In 2013, the child performer who portrays the title role in Matilda The Musical will receive Tony Honors for Excellence in the Theatre. Make that child performers; the Honors will go to Sophia Gennusa, Oona Laurence, Bailey Ryon and Milly Shapiro.

As with the musical Billy Elliot, which premiered on Broadway in 2008, multiple actors play the youthful lead role in Matilda, alternating different performances. Back in 1991, meanwhile, Eagan was all on her lonesome, playing eight shows a week of The Secret Garden for the first three months, until her school schedule interfered. After that, she did a mere six a week.

What's happened over the last two decades? Have child musical roles gotten tougher? Or have child actors become less tough? Why are three or four performers needed to do what one could once handle alone?

"Daisy was amazing in that role," said Nora Brennan, who was casting director of the children for both Billy Elliot and Matilda, and has, in recent years, made a specialty of finding young performers for stage shows. But today, "there are shows with these large casts of children and the requirements are so high—the kind of dancing they are required to do now is so much more difficult that, say, years ago in The King and I or The Sound of Music."

Lilla Crawford in Annie.
Photo by Joan Marcus
Certainly, the intense dancing skills needed to play the ballet prodigy Billy Elliot explain why three young men were needed to fill the role in every production of the musical—the original London premiere, the Broadway version and all the touring shows.

"I think the role of Billy Elliot was demanding enough that it made sense to multi-cast it," agreed Eagan. "The dancing alone was enough to justify it. I don't know if anyone would be able to perform eight shows in that role, kid or not."

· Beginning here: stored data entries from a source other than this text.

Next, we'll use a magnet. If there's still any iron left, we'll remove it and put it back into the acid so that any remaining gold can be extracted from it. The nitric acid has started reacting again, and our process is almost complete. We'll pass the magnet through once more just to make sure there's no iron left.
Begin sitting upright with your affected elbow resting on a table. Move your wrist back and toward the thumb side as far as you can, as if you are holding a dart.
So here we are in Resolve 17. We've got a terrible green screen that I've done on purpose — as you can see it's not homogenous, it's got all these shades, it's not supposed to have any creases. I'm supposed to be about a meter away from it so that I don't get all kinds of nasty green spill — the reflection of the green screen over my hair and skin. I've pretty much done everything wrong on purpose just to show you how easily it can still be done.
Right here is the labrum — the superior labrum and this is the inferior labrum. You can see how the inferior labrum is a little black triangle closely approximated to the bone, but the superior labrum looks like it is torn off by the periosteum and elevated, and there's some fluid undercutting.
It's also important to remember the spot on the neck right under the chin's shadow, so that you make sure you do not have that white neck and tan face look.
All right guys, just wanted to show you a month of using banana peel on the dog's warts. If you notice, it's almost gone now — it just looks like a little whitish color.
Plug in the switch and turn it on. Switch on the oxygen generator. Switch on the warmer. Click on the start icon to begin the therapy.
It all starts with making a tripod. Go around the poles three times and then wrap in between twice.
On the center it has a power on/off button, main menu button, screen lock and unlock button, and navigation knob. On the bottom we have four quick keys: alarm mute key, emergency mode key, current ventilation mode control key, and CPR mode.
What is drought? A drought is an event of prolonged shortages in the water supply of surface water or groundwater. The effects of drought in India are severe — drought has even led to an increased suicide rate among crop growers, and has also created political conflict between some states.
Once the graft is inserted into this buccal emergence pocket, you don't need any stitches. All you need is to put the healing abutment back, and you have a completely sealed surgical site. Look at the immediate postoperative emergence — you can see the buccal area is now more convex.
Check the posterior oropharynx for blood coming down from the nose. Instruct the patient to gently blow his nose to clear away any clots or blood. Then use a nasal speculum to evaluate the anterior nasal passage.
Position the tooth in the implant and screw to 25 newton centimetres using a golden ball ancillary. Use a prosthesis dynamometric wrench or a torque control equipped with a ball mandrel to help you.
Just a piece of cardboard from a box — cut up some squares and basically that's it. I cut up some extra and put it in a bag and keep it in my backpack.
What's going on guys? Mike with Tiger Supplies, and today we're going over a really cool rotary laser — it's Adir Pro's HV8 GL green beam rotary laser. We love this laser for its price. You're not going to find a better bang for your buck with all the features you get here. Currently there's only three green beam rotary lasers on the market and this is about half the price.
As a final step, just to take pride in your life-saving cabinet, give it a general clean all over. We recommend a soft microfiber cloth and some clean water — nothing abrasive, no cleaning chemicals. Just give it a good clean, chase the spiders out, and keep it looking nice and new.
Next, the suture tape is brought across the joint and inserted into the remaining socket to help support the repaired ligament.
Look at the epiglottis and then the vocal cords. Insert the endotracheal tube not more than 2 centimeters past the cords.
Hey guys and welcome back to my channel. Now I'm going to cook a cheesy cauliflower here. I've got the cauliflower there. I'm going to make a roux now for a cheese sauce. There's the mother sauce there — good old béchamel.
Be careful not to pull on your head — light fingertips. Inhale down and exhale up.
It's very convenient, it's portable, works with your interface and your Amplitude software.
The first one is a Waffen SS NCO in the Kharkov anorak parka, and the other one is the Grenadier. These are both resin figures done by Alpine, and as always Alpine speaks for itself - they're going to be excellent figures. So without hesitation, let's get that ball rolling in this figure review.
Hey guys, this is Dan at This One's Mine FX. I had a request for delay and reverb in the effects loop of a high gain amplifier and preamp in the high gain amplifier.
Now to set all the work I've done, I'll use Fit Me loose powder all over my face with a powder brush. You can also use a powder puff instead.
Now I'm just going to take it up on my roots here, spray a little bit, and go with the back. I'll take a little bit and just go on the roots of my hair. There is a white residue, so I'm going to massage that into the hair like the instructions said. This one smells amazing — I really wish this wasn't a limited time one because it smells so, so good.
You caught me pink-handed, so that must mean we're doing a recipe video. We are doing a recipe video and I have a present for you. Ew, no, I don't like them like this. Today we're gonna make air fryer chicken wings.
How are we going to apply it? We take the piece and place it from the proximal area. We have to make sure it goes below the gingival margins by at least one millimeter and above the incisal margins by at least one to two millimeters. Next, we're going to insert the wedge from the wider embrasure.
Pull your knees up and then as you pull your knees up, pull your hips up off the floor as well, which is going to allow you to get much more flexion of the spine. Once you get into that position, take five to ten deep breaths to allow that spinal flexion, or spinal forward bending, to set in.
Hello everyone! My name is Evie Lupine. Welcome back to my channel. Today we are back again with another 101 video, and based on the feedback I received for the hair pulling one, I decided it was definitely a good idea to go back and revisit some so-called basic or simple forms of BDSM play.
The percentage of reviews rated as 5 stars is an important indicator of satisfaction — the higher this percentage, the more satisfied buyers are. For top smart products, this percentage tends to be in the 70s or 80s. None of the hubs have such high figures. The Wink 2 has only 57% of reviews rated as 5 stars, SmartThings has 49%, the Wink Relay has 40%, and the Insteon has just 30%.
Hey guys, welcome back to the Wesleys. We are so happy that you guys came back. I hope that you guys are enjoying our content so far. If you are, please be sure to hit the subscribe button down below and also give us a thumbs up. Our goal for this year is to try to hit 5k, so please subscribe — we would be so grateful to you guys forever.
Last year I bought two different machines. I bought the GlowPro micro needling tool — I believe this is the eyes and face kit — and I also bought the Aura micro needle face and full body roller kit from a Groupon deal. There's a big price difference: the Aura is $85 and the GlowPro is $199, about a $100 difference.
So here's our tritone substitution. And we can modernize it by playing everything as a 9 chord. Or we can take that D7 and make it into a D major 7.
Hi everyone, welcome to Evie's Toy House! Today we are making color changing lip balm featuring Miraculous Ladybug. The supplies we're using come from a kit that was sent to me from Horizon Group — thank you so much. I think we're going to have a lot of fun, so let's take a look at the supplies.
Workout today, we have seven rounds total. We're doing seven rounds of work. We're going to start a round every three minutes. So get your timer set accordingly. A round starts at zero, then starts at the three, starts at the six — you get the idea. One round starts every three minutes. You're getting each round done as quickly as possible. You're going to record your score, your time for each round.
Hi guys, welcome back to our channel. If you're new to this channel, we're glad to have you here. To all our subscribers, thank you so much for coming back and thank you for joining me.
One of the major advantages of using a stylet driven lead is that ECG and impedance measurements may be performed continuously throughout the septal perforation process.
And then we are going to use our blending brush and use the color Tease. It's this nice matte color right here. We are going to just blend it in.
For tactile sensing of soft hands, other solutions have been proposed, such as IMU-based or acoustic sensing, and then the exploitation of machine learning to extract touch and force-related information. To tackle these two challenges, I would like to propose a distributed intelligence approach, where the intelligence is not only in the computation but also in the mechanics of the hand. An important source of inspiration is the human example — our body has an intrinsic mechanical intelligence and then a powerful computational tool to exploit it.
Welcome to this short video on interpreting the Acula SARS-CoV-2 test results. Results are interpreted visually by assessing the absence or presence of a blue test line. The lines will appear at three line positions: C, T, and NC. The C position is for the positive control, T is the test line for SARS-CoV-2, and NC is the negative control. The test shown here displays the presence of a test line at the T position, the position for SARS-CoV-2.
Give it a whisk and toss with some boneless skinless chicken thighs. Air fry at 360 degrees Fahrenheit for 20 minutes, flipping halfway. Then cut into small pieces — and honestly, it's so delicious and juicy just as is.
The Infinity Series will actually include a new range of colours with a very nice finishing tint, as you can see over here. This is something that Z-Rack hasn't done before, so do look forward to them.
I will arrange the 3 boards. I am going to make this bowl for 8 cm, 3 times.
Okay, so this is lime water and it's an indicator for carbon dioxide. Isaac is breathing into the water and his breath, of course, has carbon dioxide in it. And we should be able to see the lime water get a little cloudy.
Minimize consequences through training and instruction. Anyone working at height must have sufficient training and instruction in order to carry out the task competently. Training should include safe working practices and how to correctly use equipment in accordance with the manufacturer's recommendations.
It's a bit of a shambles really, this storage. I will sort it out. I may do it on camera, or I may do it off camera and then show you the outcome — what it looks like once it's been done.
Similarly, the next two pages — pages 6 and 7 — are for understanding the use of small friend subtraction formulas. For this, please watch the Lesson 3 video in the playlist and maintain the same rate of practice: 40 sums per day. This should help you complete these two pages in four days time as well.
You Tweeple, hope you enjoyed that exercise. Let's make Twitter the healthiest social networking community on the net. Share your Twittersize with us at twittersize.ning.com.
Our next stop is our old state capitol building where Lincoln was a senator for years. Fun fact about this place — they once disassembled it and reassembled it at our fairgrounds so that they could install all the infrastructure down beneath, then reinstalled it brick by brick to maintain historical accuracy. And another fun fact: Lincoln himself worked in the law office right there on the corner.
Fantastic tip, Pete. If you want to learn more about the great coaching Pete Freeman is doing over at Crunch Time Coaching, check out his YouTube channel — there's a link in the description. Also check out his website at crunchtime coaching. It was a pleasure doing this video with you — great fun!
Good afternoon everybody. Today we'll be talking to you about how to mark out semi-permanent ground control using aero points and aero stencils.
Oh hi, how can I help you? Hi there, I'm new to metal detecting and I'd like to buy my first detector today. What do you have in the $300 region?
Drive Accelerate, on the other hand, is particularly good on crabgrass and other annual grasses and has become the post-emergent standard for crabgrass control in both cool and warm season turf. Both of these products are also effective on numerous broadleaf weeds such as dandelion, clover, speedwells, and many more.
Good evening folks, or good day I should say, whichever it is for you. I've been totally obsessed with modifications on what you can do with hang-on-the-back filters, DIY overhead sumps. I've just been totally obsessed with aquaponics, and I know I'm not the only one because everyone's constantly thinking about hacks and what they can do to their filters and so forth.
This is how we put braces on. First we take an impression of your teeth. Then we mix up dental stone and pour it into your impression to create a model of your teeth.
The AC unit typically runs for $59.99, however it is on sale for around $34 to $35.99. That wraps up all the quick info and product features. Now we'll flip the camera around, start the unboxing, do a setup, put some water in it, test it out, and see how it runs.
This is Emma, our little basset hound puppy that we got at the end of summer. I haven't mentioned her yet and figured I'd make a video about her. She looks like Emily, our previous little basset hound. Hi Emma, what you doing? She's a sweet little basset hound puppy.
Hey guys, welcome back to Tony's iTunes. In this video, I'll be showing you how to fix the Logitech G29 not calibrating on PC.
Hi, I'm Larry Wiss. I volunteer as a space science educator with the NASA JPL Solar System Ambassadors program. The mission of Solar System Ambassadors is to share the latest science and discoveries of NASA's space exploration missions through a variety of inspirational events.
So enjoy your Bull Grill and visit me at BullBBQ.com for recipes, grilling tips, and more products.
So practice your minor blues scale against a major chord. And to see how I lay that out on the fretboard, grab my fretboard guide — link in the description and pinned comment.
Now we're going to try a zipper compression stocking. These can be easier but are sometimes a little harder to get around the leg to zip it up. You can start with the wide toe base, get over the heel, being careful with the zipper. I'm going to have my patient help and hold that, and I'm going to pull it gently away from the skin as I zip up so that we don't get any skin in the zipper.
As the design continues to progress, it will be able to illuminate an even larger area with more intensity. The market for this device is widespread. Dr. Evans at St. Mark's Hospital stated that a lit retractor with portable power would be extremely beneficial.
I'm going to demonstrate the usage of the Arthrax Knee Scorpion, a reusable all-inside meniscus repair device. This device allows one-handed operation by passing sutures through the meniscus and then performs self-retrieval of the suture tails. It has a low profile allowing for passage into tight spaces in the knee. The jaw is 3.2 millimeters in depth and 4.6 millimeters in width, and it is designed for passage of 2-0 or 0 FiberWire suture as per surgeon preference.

But young Matilda does not dance a lot, and sings as much as, say, the lead character in Annie, who is primarily played by one actress, Lilla Crawford, in the current Broadway mounting. Why must a quartet of youngsters tackle the job?

"With Matilda, it's a very emotional show, in terms of what she goes through," explained Brennan. "She has some horrible people in her life that she deals with. It isn't a very happy show for her to do."

Also, and perhaps more importantly, Brennan pointed out that the actresses playing Matilda are all 9 and 10 years old, whereas Crawford turned 12 on her last birthday. In terms of maturity and stamina, a few years can make a world of difference among child performers.

Though multi-casting of child musical leads does seem to be a trend, the traditional route of hiring a single tyke, and then backing them up with a standby and an understudy, remains common. It is what casting directors Bernard Telsey and Patrick Goodwin did on Annie.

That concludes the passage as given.